Purpose : Motion effects in parallel magnetic resonance imaging (MRI) are investigated. Parallel MRI is known to be robust to motion due to its reduced acquisition time. However, if there are some involuntary motions such as heart or respiratory motions involved during the acquisition of the parallel MRI, motion artifacts would be even worse than those in conventional (non-parallel) MRI. In this paper, we defined several types of motions, and their effects in parallel MRI are investigated in comparisons with conventional MRI. Materials and Methods : In order to investigate motion effects in parallel MRI, 5 types of motions are considered. Type-1 and 2 are periodic motions with different amplitudes and periods. Type-3 and 4 are segment-based linear motions, where they are stationary during the segment. Type-5 is a uniform random motion.
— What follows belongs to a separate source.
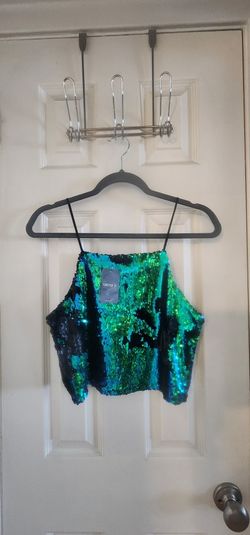 New W Tag Sequin Crop Top SMALL
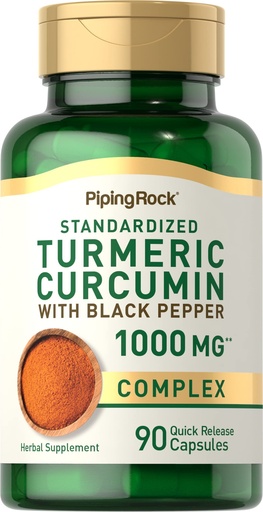 [BRSWIHQFB4PGIALA] Piping Rock Turmeric Curcumin with Black Pepper | 90 Capsules | Herbal Complex Supplement with Bioperine Extract | Non-GMO, Gluten Free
For the simulation, Cartesian and spiral grid based parallel and non-parallel (conventional) MRI are used. Results : Based on the motions defined, moving artifacts in the parallel and non-parallel MRI are investigated. From the simulation, non-parallel MRI shows smaller root mean square error (RMSE) values than the parallel MRI for the periodic (type-1 and 2) motions. Parallel MRI shows less motion artifacts for linear(type-3 and 4) motions where motions are reduced with shorter acquisition time. Similar motion artifacts are observed for the random motion (type-5). Conclusion : In this paper, we simulate the motion effects in parallel MRI. Parallel MRI is effective in the reduction of motion artifacts when motion is reduced by the shorter acquisition time. However, conventional MRI shows better image quality than the parallel MRI when fast periodic motions are involved.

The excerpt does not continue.